Mudzakarah Ulama Madura Tentang Bencana Alam, HRS, Pengusutan KM 50 dan Kriminalisasi Ulama Berdalih Isu Terorisme
Ahad, 19 Desember 2021
Faktakini.info
PERNYATAAN BERSAMA
MUDZAKARAH ULAMA & TOKOH MADURA RAYA
TENTANG
BENCANA ALAM, TUNTUTAN PEMBEBASAN HABIB RIZIEQ SHIHAB, PENGUSUTAN PERISTIWA SYAHIDNYA 6 LASKAR FPI & KECAMAN ATAS KRIMINALISASI ULAMA DAN AKTIVIS ISLAM BERDALIH ISU TERORISME
Sepanjang tahun 2021, berbagai persoalan muncul kepermukaan. Dinamika politik, social, ekonomi, pelanggaran hukum, kriminalisasi dan terorisasi terhadap ulama, habaib dan aktivis Islam mewarnai deretan peristiwa tahun 2021. Bencana alam di beberapa tempat; gempa bumi Larantuka di NTT dan Jember Jawa Timur, Erupsi Gunung Semeru yang menelan banyak korban haruslah menjadi perenungan dan muhasabah. Amar ma’ruf nahi mungkar untuk menyampaikan kebenaran dan menegakkan keadilan adalah langkah mulia dan agung dalam menjawab berbagai persoalan. Aliansi Ulama Madura (AUMA) melakukan muhasabah dan audiensi dengan komisi III DPR RI mengajukan tuntutan pembebasan IB Habib Rizieq Shihab dan pengusutan tuntas syahidnya 6 syuhada laskar FPI, begitu juga Aliansi Ulama', Habaib, Kyai dan Tokoh Masyarakat Jawa Timur Peduli Penegakan Hukum Berkeadilan di DPRD Jawa Timur juga melakukan tuntutan yang sama sebagai bentuk amar ma’ruf nahi mungkar.

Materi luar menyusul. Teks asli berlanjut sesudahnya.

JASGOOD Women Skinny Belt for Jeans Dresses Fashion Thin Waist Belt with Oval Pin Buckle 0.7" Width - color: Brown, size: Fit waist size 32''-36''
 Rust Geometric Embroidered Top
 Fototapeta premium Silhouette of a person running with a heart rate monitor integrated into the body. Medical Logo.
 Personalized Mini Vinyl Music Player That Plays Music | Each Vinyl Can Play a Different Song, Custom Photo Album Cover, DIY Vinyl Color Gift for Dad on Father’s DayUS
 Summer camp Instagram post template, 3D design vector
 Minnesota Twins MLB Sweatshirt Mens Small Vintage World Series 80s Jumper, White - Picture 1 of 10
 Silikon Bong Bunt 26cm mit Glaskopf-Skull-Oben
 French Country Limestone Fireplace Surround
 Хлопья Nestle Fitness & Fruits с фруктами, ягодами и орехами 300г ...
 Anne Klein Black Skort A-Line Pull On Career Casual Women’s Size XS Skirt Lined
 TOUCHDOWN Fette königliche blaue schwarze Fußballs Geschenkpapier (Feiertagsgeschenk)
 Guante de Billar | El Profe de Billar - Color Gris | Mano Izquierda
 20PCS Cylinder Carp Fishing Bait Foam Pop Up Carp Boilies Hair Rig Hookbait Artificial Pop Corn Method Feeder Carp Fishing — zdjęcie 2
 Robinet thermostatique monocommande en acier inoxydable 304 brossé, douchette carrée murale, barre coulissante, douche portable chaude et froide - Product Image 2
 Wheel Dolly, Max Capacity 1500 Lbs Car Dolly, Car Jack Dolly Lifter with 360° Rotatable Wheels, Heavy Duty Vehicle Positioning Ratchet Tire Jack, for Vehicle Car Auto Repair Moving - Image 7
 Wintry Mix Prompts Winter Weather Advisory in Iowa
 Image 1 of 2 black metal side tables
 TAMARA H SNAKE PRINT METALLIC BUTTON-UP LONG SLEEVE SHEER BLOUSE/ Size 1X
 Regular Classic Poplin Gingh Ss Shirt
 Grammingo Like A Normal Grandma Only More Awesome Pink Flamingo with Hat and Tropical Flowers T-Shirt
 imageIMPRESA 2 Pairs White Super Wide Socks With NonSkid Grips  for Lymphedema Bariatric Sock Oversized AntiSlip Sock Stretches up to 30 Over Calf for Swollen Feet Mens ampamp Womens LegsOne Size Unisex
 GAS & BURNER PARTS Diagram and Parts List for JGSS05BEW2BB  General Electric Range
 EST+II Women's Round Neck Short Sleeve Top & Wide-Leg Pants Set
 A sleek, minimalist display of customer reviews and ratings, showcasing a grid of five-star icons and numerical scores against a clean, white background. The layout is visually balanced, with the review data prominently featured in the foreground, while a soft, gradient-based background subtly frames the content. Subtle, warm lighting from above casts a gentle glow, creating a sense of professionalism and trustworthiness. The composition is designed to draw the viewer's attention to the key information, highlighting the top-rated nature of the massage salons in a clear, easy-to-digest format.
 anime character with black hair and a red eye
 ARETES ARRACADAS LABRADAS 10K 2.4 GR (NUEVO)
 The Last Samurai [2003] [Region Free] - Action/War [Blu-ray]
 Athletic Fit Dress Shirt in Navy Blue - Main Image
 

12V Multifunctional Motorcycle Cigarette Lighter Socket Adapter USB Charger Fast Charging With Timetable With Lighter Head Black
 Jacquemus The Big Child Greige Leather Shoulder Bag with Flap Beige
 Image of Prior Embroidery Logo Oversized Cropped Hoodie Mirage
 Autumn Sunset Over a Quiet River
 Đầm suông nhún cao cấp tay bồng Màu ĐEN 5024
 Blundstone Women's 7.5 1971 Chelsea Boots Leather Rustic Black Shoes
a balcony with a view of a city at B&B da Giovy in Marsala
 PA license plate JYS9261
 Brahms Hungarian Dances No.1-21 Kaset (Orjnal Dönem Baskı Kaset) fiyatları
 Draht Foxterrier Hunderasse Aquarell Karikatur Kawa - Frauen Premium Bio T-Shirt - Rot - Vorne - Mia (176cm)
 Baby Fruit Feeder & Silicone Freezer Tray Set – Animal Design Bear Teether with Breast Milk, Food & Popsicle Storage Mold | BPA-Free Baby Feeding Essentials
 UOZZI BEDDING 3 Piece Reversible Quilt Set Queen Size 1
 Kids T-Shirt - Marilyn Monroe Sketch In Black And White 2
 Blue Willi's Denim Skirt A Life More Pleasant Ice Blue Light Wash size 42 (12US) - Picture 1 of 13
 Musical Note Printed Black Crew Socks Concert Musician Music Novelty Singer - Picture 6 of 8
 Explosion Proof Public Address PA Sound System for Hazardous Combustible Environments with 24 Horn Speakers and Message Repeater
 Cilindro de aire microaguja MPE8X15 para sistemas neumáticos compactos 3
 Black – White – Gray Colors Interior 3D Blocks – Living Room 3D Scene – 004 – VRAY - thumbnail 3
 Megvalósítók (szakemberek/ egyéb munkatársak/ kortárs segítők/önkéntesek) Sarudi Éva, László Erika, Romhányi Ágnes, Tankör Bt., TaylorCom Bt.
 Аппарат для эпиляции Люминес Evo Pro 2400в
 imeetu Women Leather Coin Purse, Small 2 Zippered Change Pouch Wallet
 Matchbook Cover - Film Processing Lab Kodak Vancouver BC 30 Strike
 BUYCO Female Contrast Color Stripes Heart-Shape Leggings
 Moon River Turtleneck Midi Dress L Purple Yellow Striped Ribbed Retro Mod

Bersamaan dengan hal itu sebagaimana diketahui, Ustadz Farid Ahmad Okbah, Ustadz Ahmad Zain An Najah dan Ustadz Anung Al Hamad telah melampaui masa hampir 1 bulan penangkapan oleh Densus 88 dan hingga kini belum juga dibebaskan. Tuduhan telah melakukan tindakan terorisme, adalah fitnah yang amat jahat, tidak sesuai dengan realita dan suatu bentuk konfirmasi adanya kriminalisasi terhadap Ulama.
Sementara itu Advokat yang juga Aktivis Munarman, SH perkaranya bergulir di Pengadilan. Senada dengan Para Ulama, Advokat Munarman juga difitnah dengan kasus terorisme. Perkara yang membelit Advokat Munarman, adalah konfirmasi adanya kriminalisasi terhadap Aktivis yang sekaligus berprofesi sebagai seorang Advokat. Atas dasar hal tersebut di atas Mudzakarah Ulama & Tokoh Madura dalam Refleksi 2021: Ingatkan Syariah dan Taubatan Nashuha Sebagai Solusi atas Sengkarut Negeri setelah melakukan analisis dan kajian yang mendalam ditemukan beberapa hal sebagai berikut :
Pertama, bahwa kasus yang menjerat Habib Rizieq Shihab adalah kasus politik, bukan kasus hukum. Karena itu, perlu ditempuh penyelesaian secara politik agar potensi disintegrasi, disharmoni, dan instabilitas publik dapat dihindari mengingat tuntutan rasa keadilan bagi Habib Rizieq Shihab semakin hari eskalasinya semakin meluas. Kekeliruan mengambil kebijakan politik dalam menuntaskan kasus ini, akan berpotensi menggerus harmoni dan kohesi sosial masyarakat.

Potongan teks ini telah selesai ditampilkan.